Aim of the task>
Write out exactly the lines below that run from the line containing "Costway Bar Chair" through the last line of the records.

Crawled caption data

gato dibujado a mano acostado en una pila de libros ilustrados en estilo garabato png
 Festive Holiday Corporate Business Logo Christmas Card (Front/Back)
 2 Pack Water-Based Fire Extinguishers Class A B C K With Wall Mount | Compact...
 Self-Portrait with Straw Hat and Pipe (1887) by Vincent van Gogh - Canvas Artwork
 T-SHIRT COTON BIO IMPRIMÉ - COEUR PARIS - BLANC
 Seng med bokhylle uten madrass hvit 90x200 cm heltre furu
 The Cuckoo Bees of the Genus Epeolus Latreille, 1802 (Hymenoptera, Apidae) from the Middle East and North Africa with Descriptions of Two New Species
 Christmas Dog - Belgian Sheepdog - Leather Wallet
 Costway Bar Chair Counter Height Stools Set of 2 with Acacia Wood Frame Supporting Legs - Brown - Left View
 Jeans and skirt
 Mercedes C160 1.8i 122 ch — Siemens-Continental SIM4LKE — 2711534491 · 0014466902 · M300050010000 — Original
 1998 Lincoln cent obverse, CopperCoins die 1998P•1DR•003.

Task solution>
 Costway Bar Chair Counter Height Stools Set of 2 with Acacia Wood Frame Supporting Legs - Brown - Left View
 Jeans and skirt
 Mercedes C160 1.8i 122 ch — Siemens-Continental SIM4LKE — 2711534491 · 0014466902 · M300050010000 — Original
 1998 Lincoln cent obverse, CopperCoins die 1998P•1DR•003.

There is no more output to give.